>>>>>
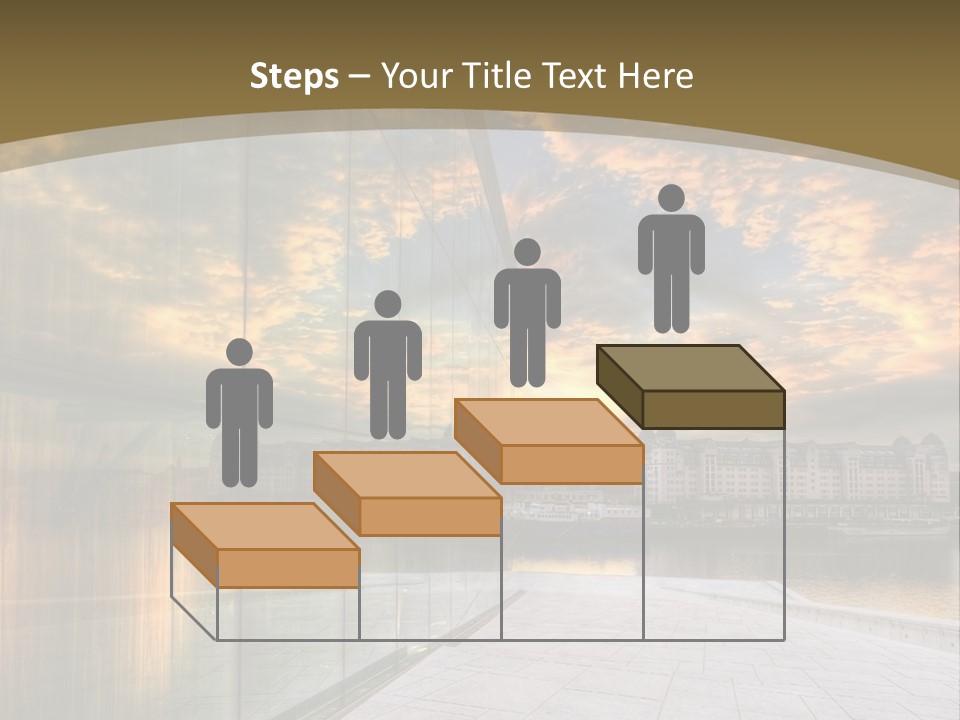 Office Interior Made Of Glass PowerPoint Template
<<<<<
>>>>>
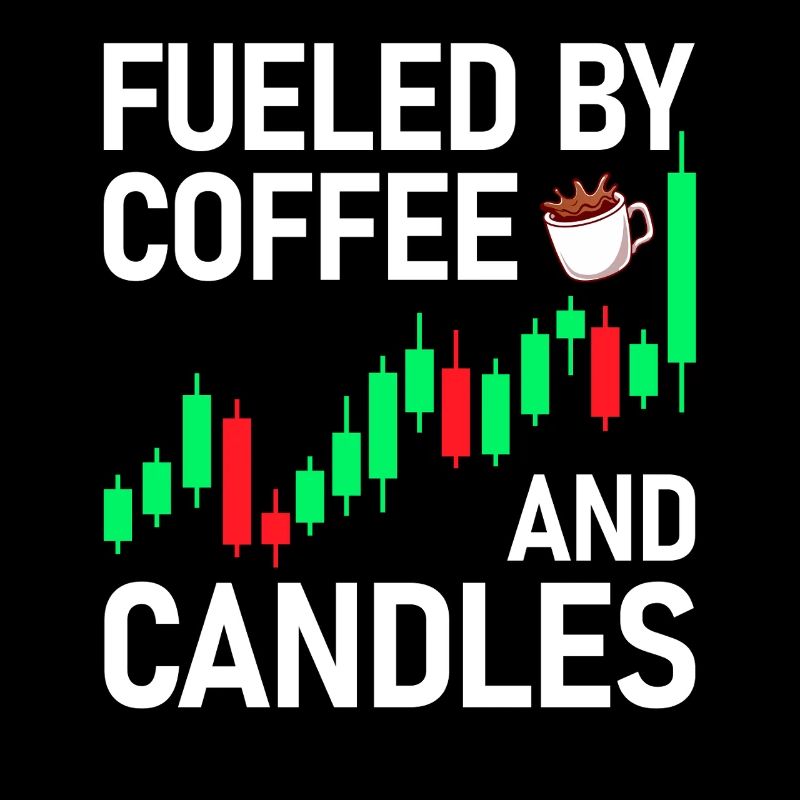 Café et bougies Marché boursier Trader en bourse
<<<<<
>>>>>
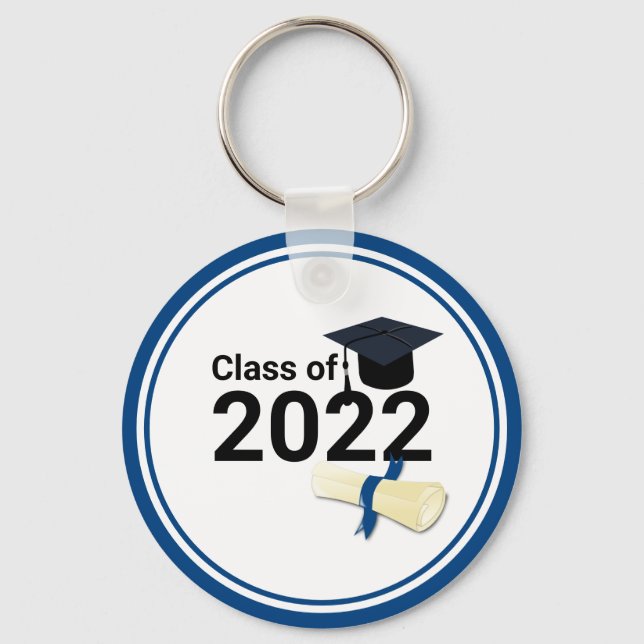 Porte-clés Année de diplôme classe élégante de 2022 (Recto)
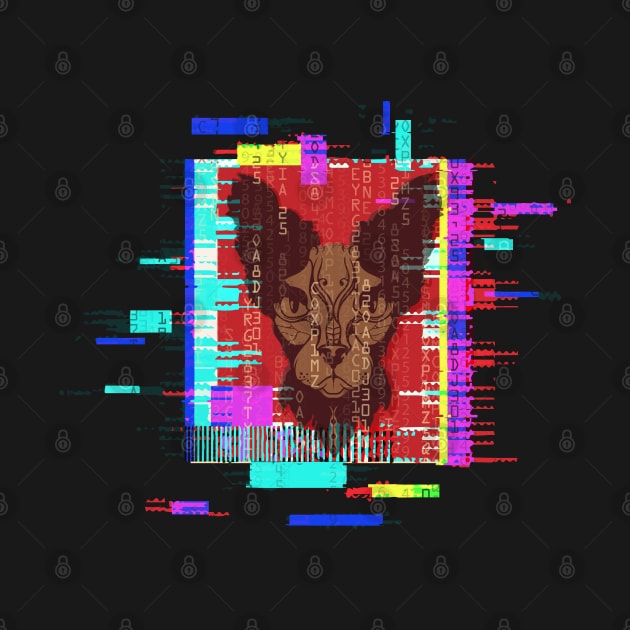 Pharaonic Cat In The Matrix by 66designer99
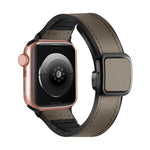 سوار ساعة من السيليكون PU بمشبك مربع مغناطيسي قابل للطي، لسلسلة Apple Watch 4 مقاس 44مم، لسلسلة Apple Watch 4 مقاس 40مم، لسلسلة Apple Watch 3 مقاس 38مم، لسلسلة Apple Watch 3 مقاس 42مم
<<<<<
• [What you are asked to do]:
Please print the lines above word for word, starting at the one with "Porte-clés Année de" and ending at the one with "سوار ساعة من", both included, and without any picture.

• [Answer to the problem]:
 Porte-clés Année de diplôme classe élégante de 2022 (Recto)
 Pharaonic Cat In The Matrix by 66designer99
 سوار ساعة من السيليكون PU بمشبك مربع مغناطيسي قابل للطي، لسلسلة Apple Watch 4 مقاس 44مم، لسلسلة Apple Watch 4 مقاس 40مم، لسلسلة Apple Watch 3 مقاس 38مم، لسلسلة Apple Watch 3 مقاس 42مم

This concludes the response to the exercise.